Several categories exist in which informal words end in o. Among the oldest are those consisting of words to which an extraneous o has been added, such as cheerio (from cheer or cheery), which in British English is used as a greeting or a farewell, and boyo, an extension of boy, just as kiddo is derived from kid.
Sometimes, a word ending in o is simply a truncation of a word in which o is naturally the last letter of the abbreviation, such as condo, for condominium, which originally meant “joint rule or sovereignty” but in the mid-twentieth century came to refer to a privately owned apartment. (The word to which the element con-, meaning “with,” has been attached is cognate with domain.) Another example is demo, short for demonstration, in the sense of a presentation of a product or a rough version of a music recording.

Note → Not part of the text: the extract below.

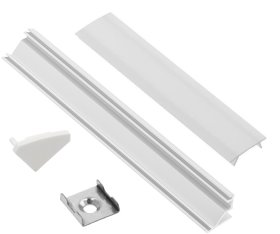 Profilis LED juostoms EUROLIGHT Al-C1-W, aliuminis, kampinis, baltos spalvos anoduotas, ilgis 1 m, komplekte matinis dangtelis, 2 antgaliai ir 2 laikikliai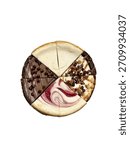 Assorted cheesecake sampler platter with multiple flavored slices, isolated on white. Variety dessert round cake assortment.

Sometimes the o is attached to a truncated word after the first syllable regardless of which vowel follows in the full form of the word, as in aggro, for aggressive (generally to describe a hostile person or hostile behavior); ammo, for ammunition; combo, for combination (usually in the sense of a small ensemble of musicians, especially those who play jazz); convo, for conversation; and journo, for journalist.
Australia is fertile ground for word formation of this type (as well as other diminutive forms, such as applying -ie, as in alkie, for alcoholic, and barbie, for barbecue). Some more obscure abbreviations from Australia include arvo, for afternoon; doggo (in the expression “lie doggo,” meaning “lay low”); and muso, for musician.
One slightly truncated word in American English is rando, from random; several decades ago, the latter word was first employed as a noun to describe a peculiar person, and from there it acquired the sense of someone who is sketchy or undesirable. Rando inherited that connotation, usually in the context of a stranger who unexpectedly tries to make contact with another person, either in person or through social media. An older, synonymic term is weirdo, which sports an o attached to weird. On this model was beardo formed to refer to someone sporting a trendy-looking full, bushy beard, especially one who might also be tagged a rando or a weirdo.
Occasionally, a word ending in o is adopted from another language. In the case of mondo, which denotes excessiveness or outrageousness, it derives ultimately from the Italian word for world; the context is Mondo Cane, the title of an Italian documentary about human eccentricity. (The loose English translation of the title is A Dog’s Life; cane is cognate with canine.)